Grocery store.  You've brought along your 16 year old mother's helper, because for the love of god, you learned your lesson the last time you tried to navigate the grocery store as the solo adult responsible for ensuring that nobody was left in the cereal aisle and now you're fairly certain that the store management is considering banning you for life.  So now you've brought reinforcements, and the travelling shit-show circus you run with has made it into the produce aisle.  You have two overflowing carts and the kale keeps falling on the floor and suddenly you've got company in the form of a creepishly swanky thirty-something.  He circles, and then circles again, and just as you're about to let loose on him a small tirade to the likes of FOR GOODNESS SAKE HOW MANY TIMES DO I HAVE TO WAVE MY WEDDING BAND IN YOUR FACE YOU CREEPY're saved by the realization that the wagon he's circling belongs not to you, but to the sitter.  And then he's asking her out in an eerily "To Catch a Predator" sort of way, and you casually fluff your sensibly short mom-hair and shoot him a look that he TOTALLY will know means, "I FIT THIS ASS INTO SIZE FOUR JEANS THIS MORNING AFTER KNOCKING OUT A BABY SEVEN WEEKS AGO, YOU SICK PEDOPHILE."
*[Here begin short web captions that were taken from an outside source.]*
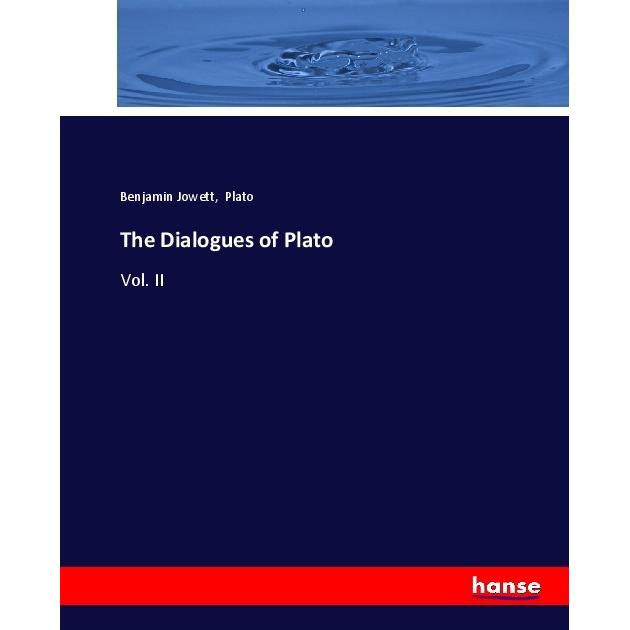 The Dialogues of Plato, Fachbücher von Plato, Benjamin Jowett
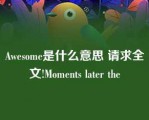 Awesome是什么意思 请求全文!Moments later the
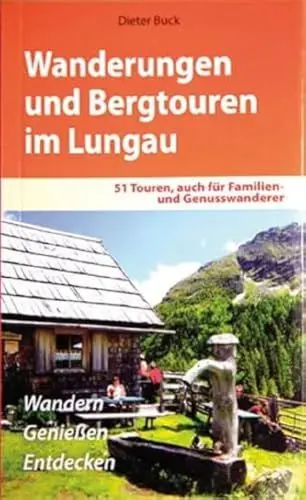 Produktbild: Wanderungen und Bergtouren im Lungau: 51 Genuss- und Familienwanderungen: 51 Touren, auch für Familien- und Genusswanderer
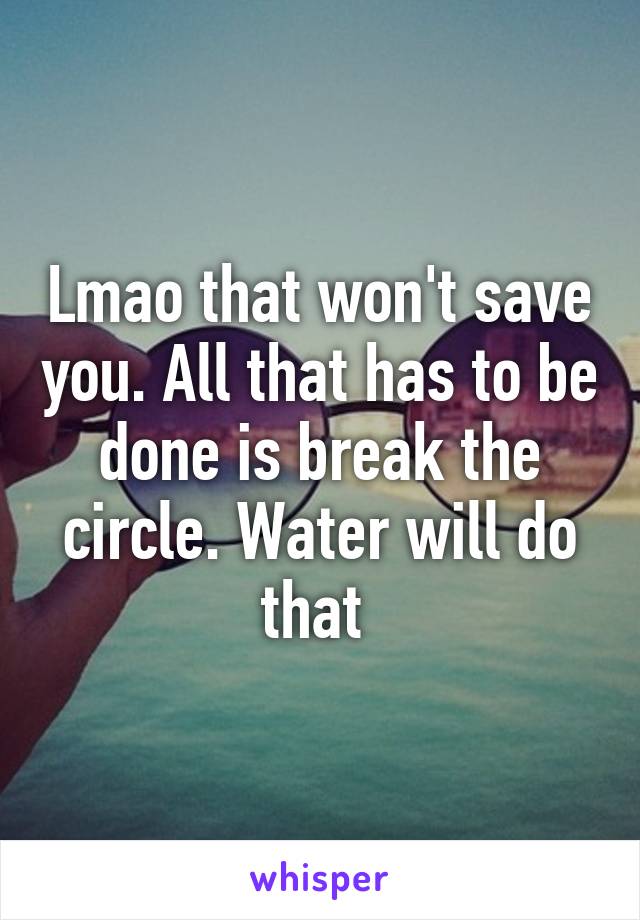 Lmao that won't save you. All that has to be done is break the circle. Water will do that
So you decide that an upcoming wedding will be your chance to get your swagger back.  You order a flirty little number online and buy some killer heels.  You buy spanx.  Gulp.  Cringe.  Spanx.

You try it all on.  You smile.  Hoooooooo yeah.

You slink down the hall to the kitchen to show your husband.  You spin around and ask, totally casually, "do you think this outfit will be okay for the wedding?"

You await and envision his response.  "WOW."  "You're stunning."  "HEY SEXY MAMA!"  "HOOOOOOOOOOOOO YEAH!"

He cocks his head to the side.  "Yeah.  That should work."  He turns back around to the sink.  

He will spend the next six weeks wondering why the OB suddenly "called" to advise that things are not healing well from the birth and will probably take at least another month or two.


You develop a new mantra, to cover all your bases:

I will embrace my maternal womanhood!  Hoooooo yeah!

I will age gracefully and no matter how tempting, I will not bleach my hair, tuck my tummy, or resort to pink lip gloss!  Hooooooooo yeah!

I will have my ass inappropriately pinched by a stranger at least once more in my life, even if I have to pay somebody to do it!  Hooooooooo yeah!

I will not say "Hoooooooooooooooo yeah!" out loud even though I use it in my writing to emphasize points, because it makes me sound like I'm seventy!  Hooooooooooooooooooooooooooooooooooooo yeah!


Pamela said...

It's been 2 years since I cranked out my fourth baby, and oddly(?) or sadly (?) enough, I'm exactly where you are.

Except the size 4 jeans thing. I have never fit into a size 4.

Jill said...

I'll pinch your ass. And no, you don't have to pay me.

Amy H said...

Haha, oh April. Strap those babies on and do some squats and lunges. You will have a firm booty before you know it! P.S even when you are feeling not so sexy just be thankful that you don't have a creepy men stalking you...there is something to be said for that :)

usaschoolmarm said...

Jill, you're a good friend.

usaschoolmarm said...

Jill, you're a good friend.

Jen said...

i've followed your blog for a while. you speak of (and to) the most fundamental experiences of womanhood. that part of me, even if she's been stuffed down & kept quiet all day, knows a fellow traveler when she hears one. i always feel a little more aware of that part of me when i read your thoughts. thanks.